Le « relais du Temple » face à la tour sur l’autre versant, est une illustration de la pugnacité des « gens de Mornans ». Hugues et Dominique Anthénol y ont pris en 1993 la succession de Robert et Irène qui, pour élever leurs sept enfants avaient pris l’initiative de créer ce premier gîte rural de la Drôme au début des années 60. Après avoir installé trois chambres d’hôtes dans la maison de la grand-mère et provisoirement un gîte d’étape de 18 places dans l’ancien temple, ils ont peu à peu aménagé en 1975 leurs annexes et trois chalets, en relais équestre affilié depuis l’origine à la Drôme à cheval. On héberge donc aussi les chevaux des randonneurs auprès de ceux que Hugues propose en location aux estivants. Les escaladeurs de Saou, les randonneurs qui suivent le GR9 et les parapentistes de Couspeau, peuvent côtoyer au relais du Temple les cavaliers tout en profitant de la table d’hôte et des souvenirs d’Irène…Mais il faut toujours être à la pointe et Hugues vient de creuser la piscine.
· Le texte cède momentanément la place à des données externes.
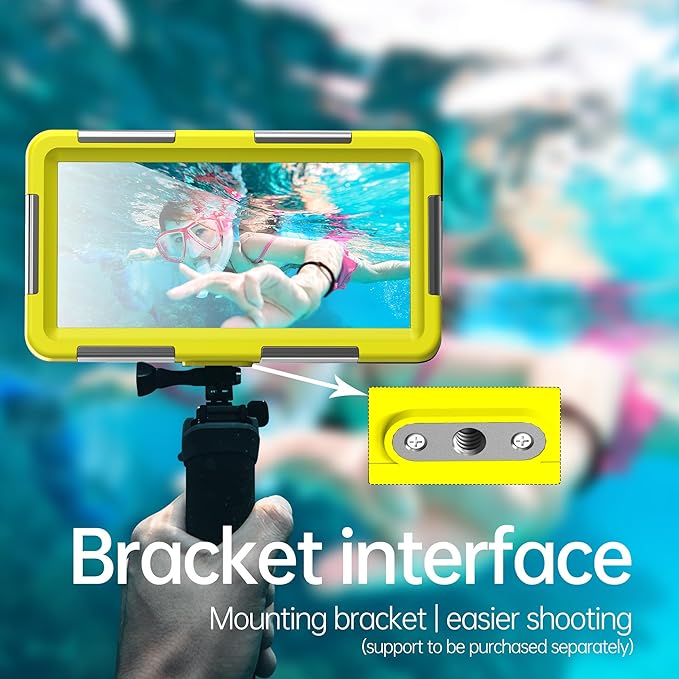 2026 Underwater Snorkeling Diving Phone Case for Phone 17/16/15/14/13/12Pro Max/Galaxy S26/S25/S24/S23.(50ft/15m) Professional Scuba Dive Waterproof Case Underwater Photo Video（Yellow）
Une histoire qui se fait contes et légendes
Les premiers témoignages d’habitat connus ici remontent à l’époque gallo-romaine, mais comme toute la vallée moyenne du Roubion, le terroir de Mornans a dû être occupé dès l’époque des premiers agriculteurs du Néolithique.
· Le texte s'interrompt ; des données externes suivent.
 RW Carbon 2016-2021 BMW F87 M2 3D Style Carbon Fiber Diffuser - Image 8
La terre de Mornans appartenait à l’origine au patrimoine des comtes de Diois. A travers les siècles, elle passera de famille en famille au gré des héritages et des acquisitions : des Galon et des Mornans aux Clermont, seigneur de Montoison, puis à la famille Blain issue du Poët-Célard. Celle-ci embrassera la religion réformée et y ralliera Mornans et le Poët. Raymond Blain aurait même reçu Calvin dans son château de Saint-André en 1561.
Puis la lignée des Blain passe par mariage aux Marcel, originaires de Marsanne. Anoblis par le dauphin Louis, ces Marcel s’étaient distingués comme capitaines. Leurs descendants n’y dérogèrent pas. Ainsi Louis Marcel de Blain, conseiller d’état et chambellan d’Henri IV figure, sous le nom de du Poët, parmi les plus célèbres capitaines protestants au cours des guerres de religion. Il fut tué à Crest le 9 avril 1598 par Latour Gouvernet, autre capitaine protestant, dans un duel célèbre qui défraya la chronique. Les Blain-Marcel conservèrent leur fief jusqu’à la Révolution.
Fil rouge et sanglant, l’esprit de résistance et les persécutions religieuses ont marqué la mémoire de ce petit village. De ces périodes troublées, il ne pouvait que naître des légendes. Celle d’Alberte de Poitiers, amoureuse d’Alfrédis, preux chevalier de la famille de Mornans, est encore célébrée en costume d’époque chaque année, le 15 août, à Bourdeaux. Le malheureux Alfrédis fut tué par Hérald de Bezaudun le jour de ses noces avec la belle. Le Pasteur Muston au XIX ème siècle en fit quelques couplets toujours appréciés.